Print, word for word, only the lines from the one with "leather sofa in room with fireplace" down to the last line of the listing below; no pictures.
COLLECTED DATA: Begin
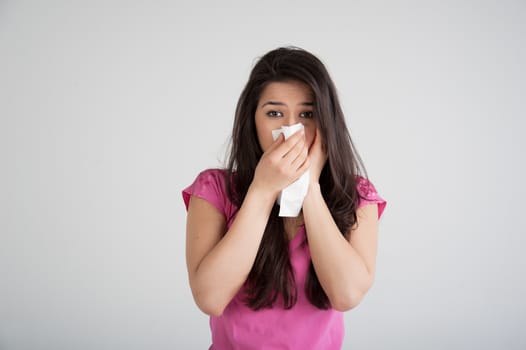 allergies, the common cold, flu-woman sneezes.
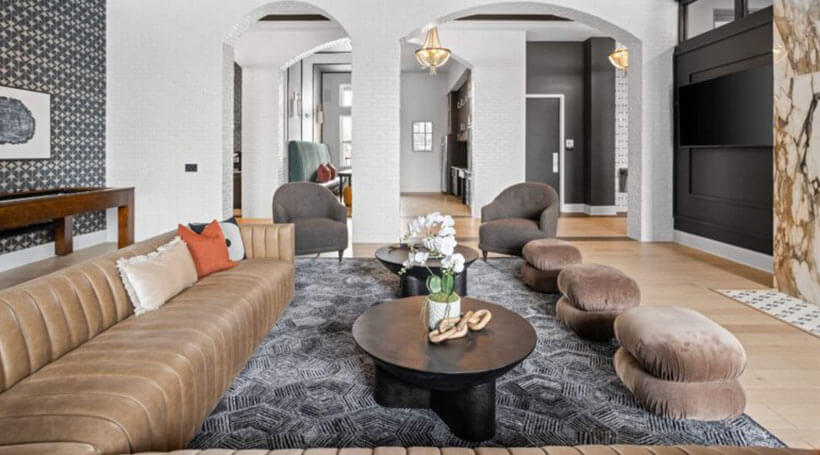 leather sofa in room with fireplace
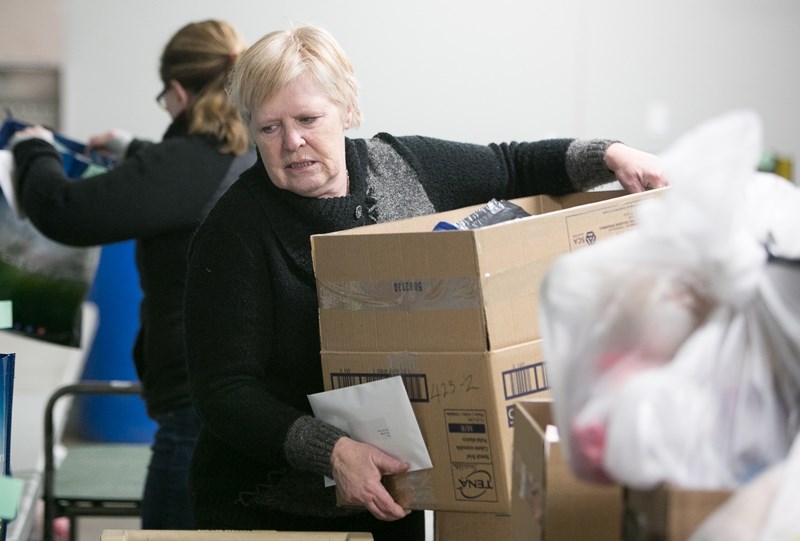 Volunteers with the Olds and District Christmas Angels sort out toys, etc. to be included in hampers for needy families in the community and area. Spokesperson Mary Jane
COLLECTED DATA: End
** YOUR RESPONSE **
 leather sofa in room with fireplace
 Volunteers with the Olds and District Christmas Angels sort out toys, etc. to be included in hampers for needy families in the community and area. Spokesperson Mary Jane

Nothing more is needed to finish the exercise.